Soni is a recently-separated (implied) Jat officer, whose volatility is blamed on where she hails from. At one point, someone slips in a remark about how violence is known to be a domestic issue for ‘these people’. Her reporting officer, Kalpana, is the upper middle-class Punjabi IPS, who cannot escape the societal deadlines of having a baby in spite of her career as an IPS officer. Soni’s usually coarse vocabulary transforms into long silences in front of her senior officer, whom she respects too much. Kalpana, on the other hand, takes it upon herself to discipline Soni like an elder sister. But she never stops acknowledging the unfair hand dealt to her subordinate, always making an effort to understand Soni’s profuse rage.

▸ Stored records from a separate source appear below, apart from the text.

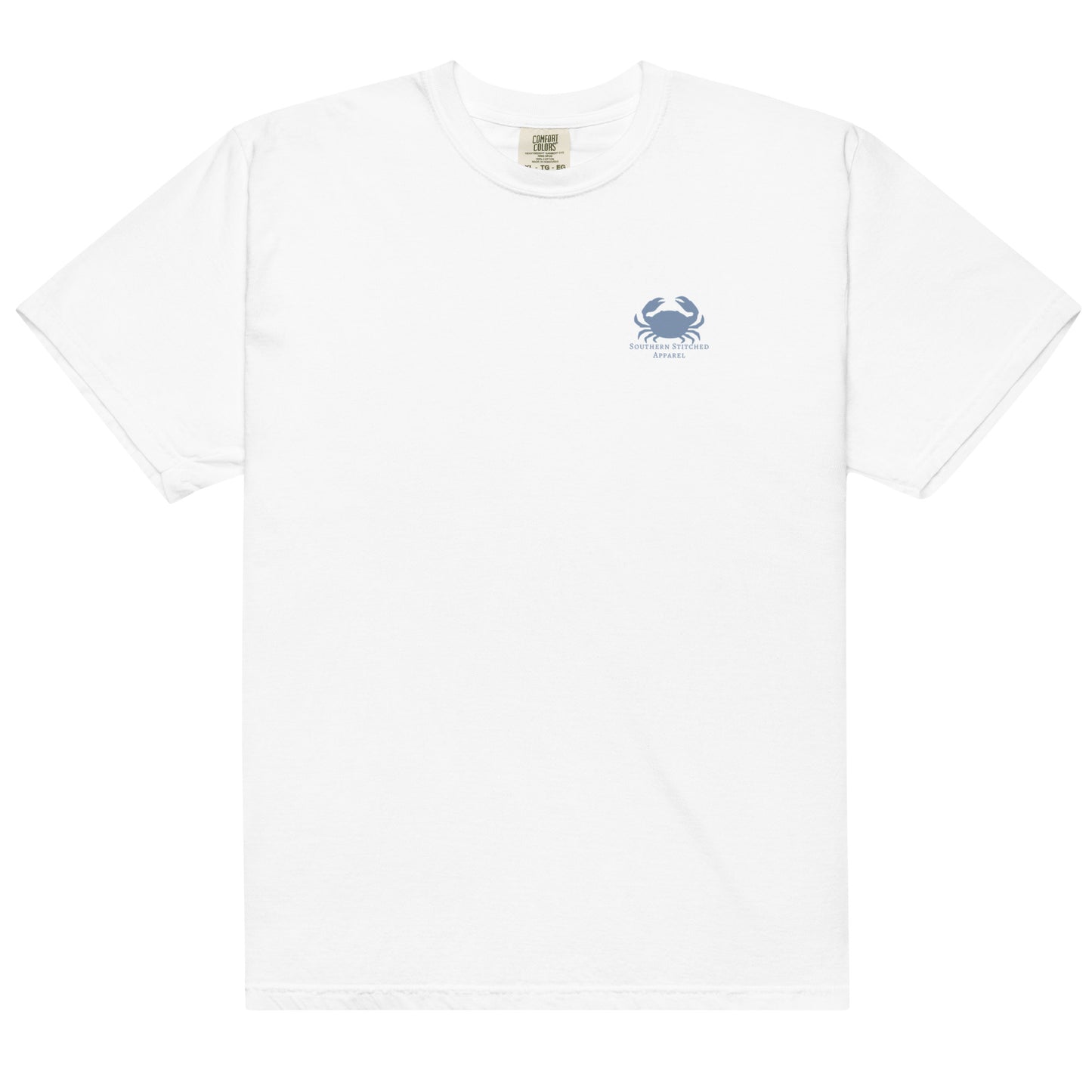 Salty Crab | Comfort Colors Tee | Light Blue Logo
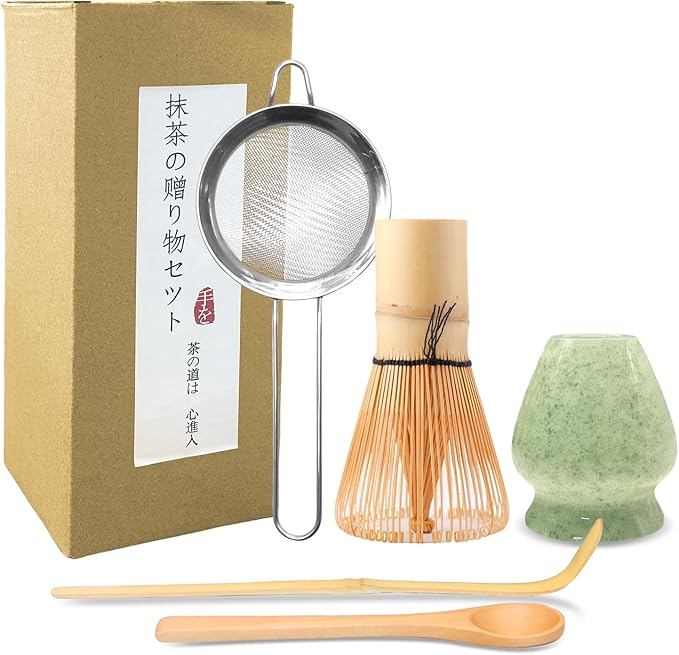 Matcha Whisk Set Green 5PCS Matcha Whisk and bowl(Chawan) With Matcha Spoon and sifter Matcha Kit for Ceremony Matcha Tea Set Gift for Matcha Lovers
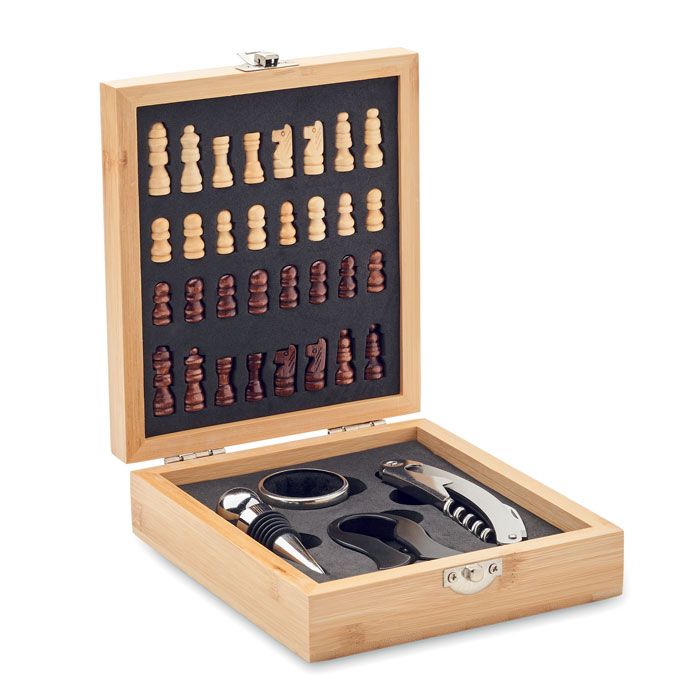 CHESSET. Set da vino con scacchiera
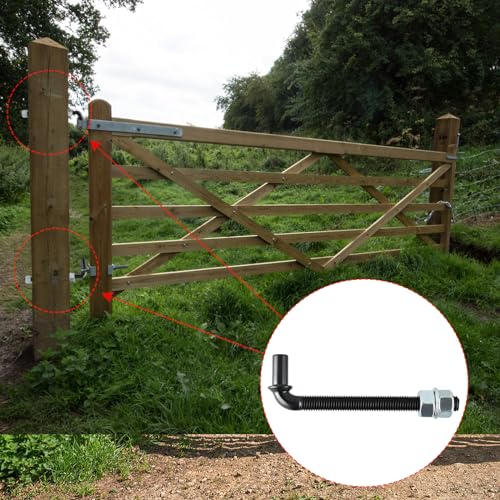 Skelang 6" J-Bolt Post Hinge, 5/8" Male Pin Hinges Bolts, Fence Bolt Though Post Hinge, Pack of 2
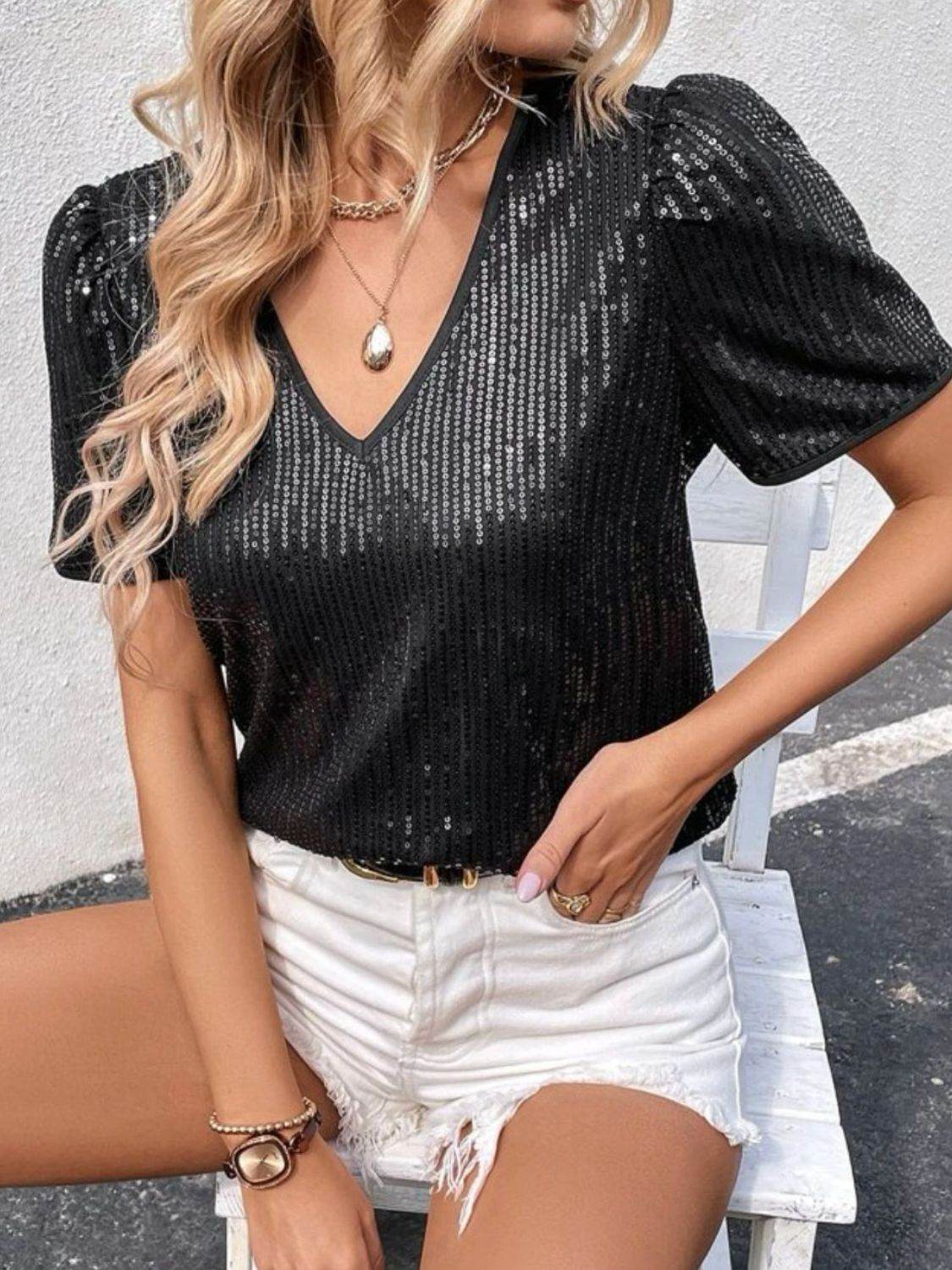 Sequin Round Neck Short Sleeve Top for a perfect OOTD – dress to impress outfits from Amexza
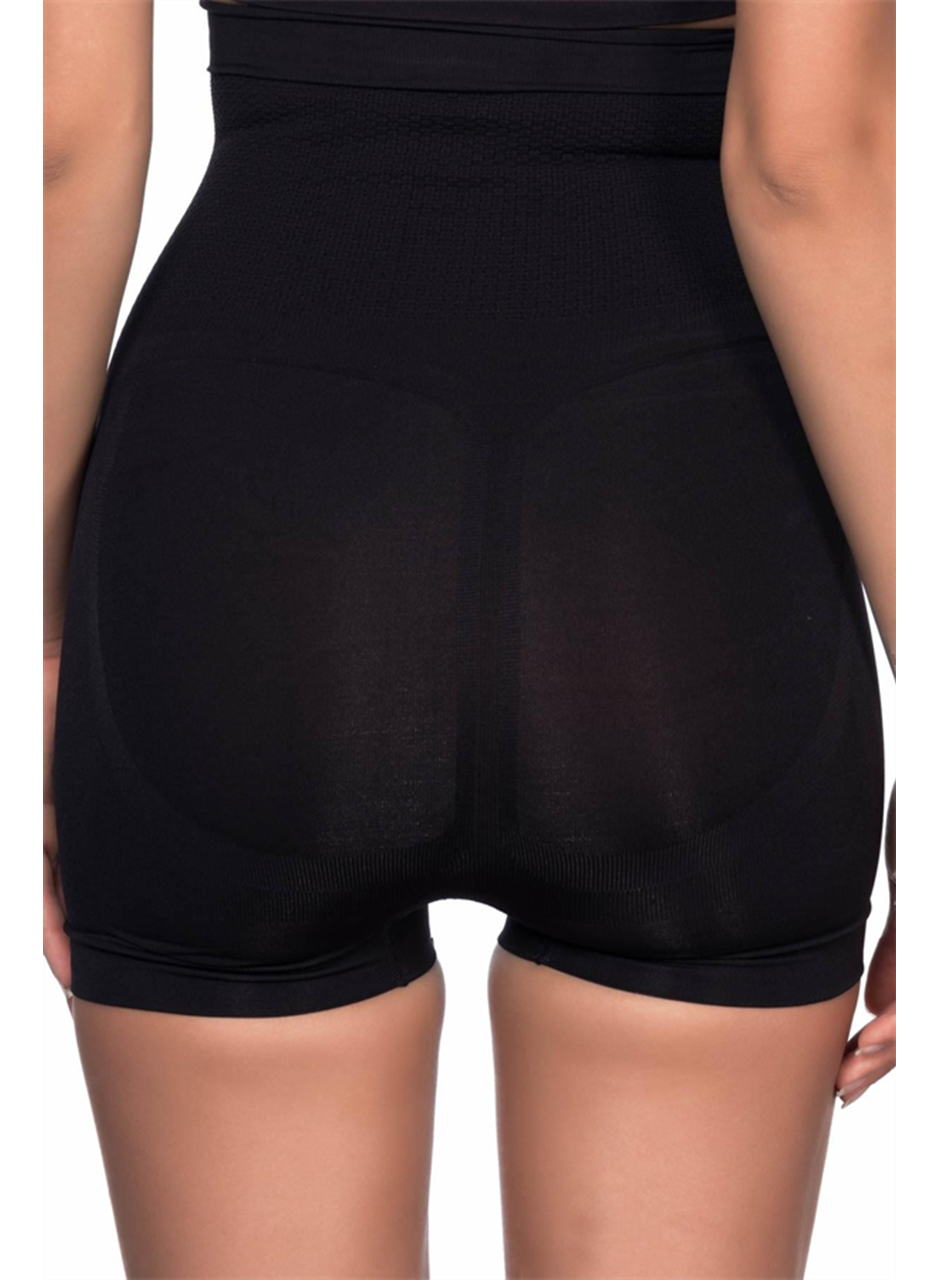 Siyah MI Emay 2055 Yüksek Bel Masajlı Boxer Korse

This pure bond between Soni & Kalpana is the soul of the film, and what grounds it. About two upright women fighting the world on a daily basis, the film never once resorts to Bollywood’s (recent?) cliche of handing women cigarettes and alcohol, as shorthand for ‘liberal’. They don’t even utter the words ‘feminism’ or ‘equal rights’, it’s not their world. But what Kalpana does in a heartwarming scene is, explain to Soni why Amrita Pritam’s autobiography is titled The Revenue Stamp.

 

The two men in the film (the respective husbands) could have been reduced to being the ‘cardboard cut-out villains’ in the hands of a lesser director. Instead, we’re shown the contradictions in them. Kalpana’s well-read husband gives her an earful, after his ego is bruised by the assistant of a cabinet minister. And Soni’s good-for-nothing husband unexpectedly breaks down in front of her, while talking about a regretful chapter in their marriage.

For a film on the burning topic like women’s safety and gender equality, Ivan Ayr’s film is remarkably reined in. It never goes into overdrive with its ‘message’, instead the film quietly leaves its sermon at your doorstep. If you’re keen enough, you’ll read between the lines and find the ‘statement’ the film is making through its many silent moments.